Strata Property Decisions

Decision Information

Decision Content

Date Issued: June 25, 2019

File: ST-2018-008359

Type: Strata

Civil Resolution Tribunal

Indexed as: Robertson v. The Owners, Strata Plan LMS 1952, 2019 BCCRT 771

Between:

Marlene Robertson

Applicant

And:

The Owners, Strata Plan LMS 1952

Respondent

REASONS FOR DECISION

Tribunal Member:

Lynn Scrivener

 

 

INTRODUCTION

1.      The applicant, Marlene Robertson, owns a strata lot in the respondent strata corporation, The Owners, Strata Plan LMS 1952 (strata). The applicant says that the strata has inappropriately charged back the costs of a leak to her strata lot. She seeks an order that those charges in the amount of $1,838.34 be reversed, as well as $500 for her insurance deductible. The strata disagrees with the applicant’s position, and says that it complied with its obligations under its bylaws and the Strata Property Act (SPA).

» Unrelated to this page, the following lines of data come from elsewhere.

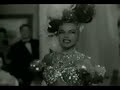 Carmen Miranda Santo Domingo -Bongo Bingo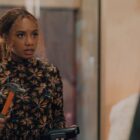 Mythic Quest Season 4, Episode 7 Review: 'The Room Where It Happens'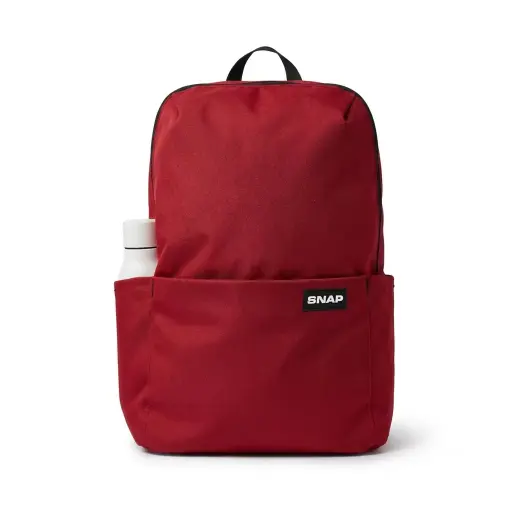 [MOCHILA-HOMBRO-03] Mochila Basica
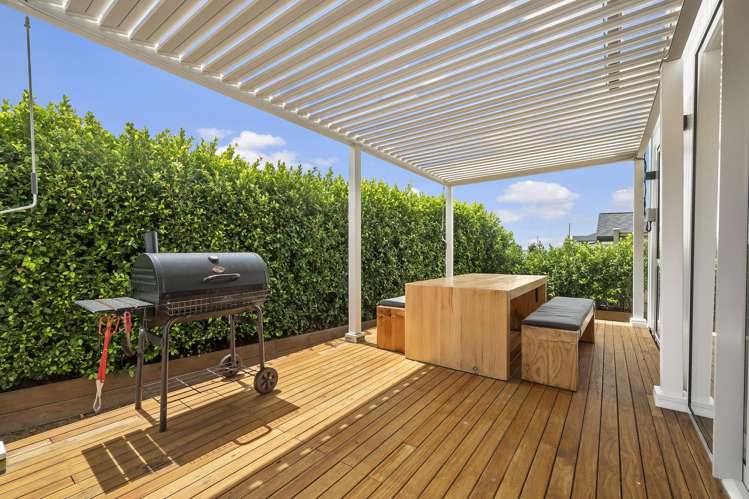 10 Oro Lane Orewa_16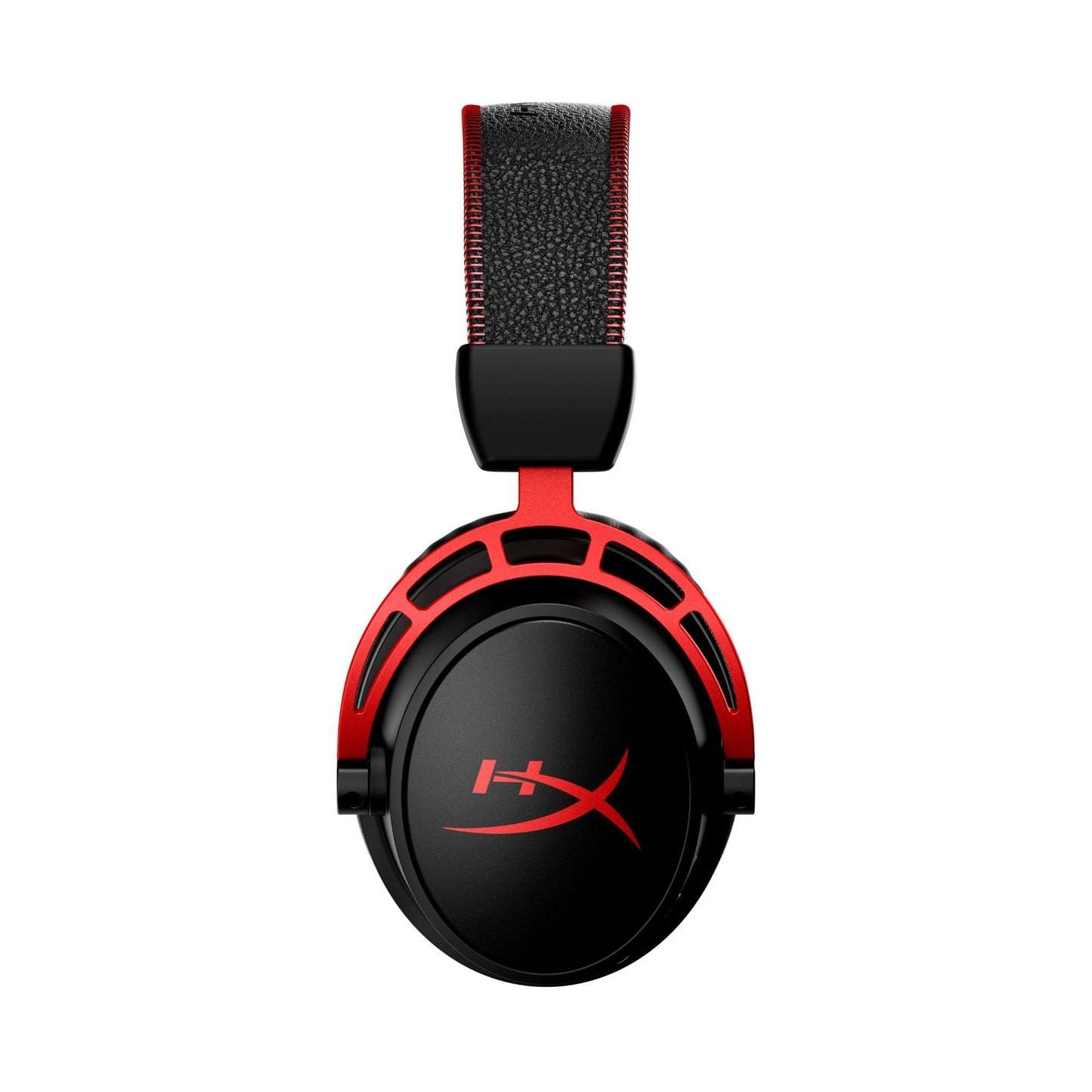 HyperX Cloud Alpha Wireless Gaming Headset- Black/Red  (AU Stock)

2.      The applicant is self-represented. The strata is represented by a member of the strata council. 

JURISDICTION AND PROCEDURE

3.      These are the formal written reasons of the Civil Resolution Tribunal (tribunal). The tribunal has jurisdiction over strata property claims brought under section 121 of the Civil Resolution Tribunal Act (Act). The tribunal’s mandate is to provide dispute resolution services accessibly, quickly, economically, informally, and flexibly. In resolving disputes, the tribunal must apply principles of law and fairness, and recognize any relationships between parties to a dispute that will likely continue after the dispute resolution process has ended.

4.      The tribunal has discretion to decide the format of the hearing, including by writing, telephone, videoconferencing, email, or a combination of these. I decided to hear this dispute through written submissions, because I find that there are no significant issues of credibility or other reasons that might require an oral hearing.

5.      The tribunal may accept as evidence information that it considers relevant, necessary and appropriate, whether or not the information would be admissible in a court of law. The tribunal may also ask questions of the parties and witnesses and inform itself in any other way it considers appropriate.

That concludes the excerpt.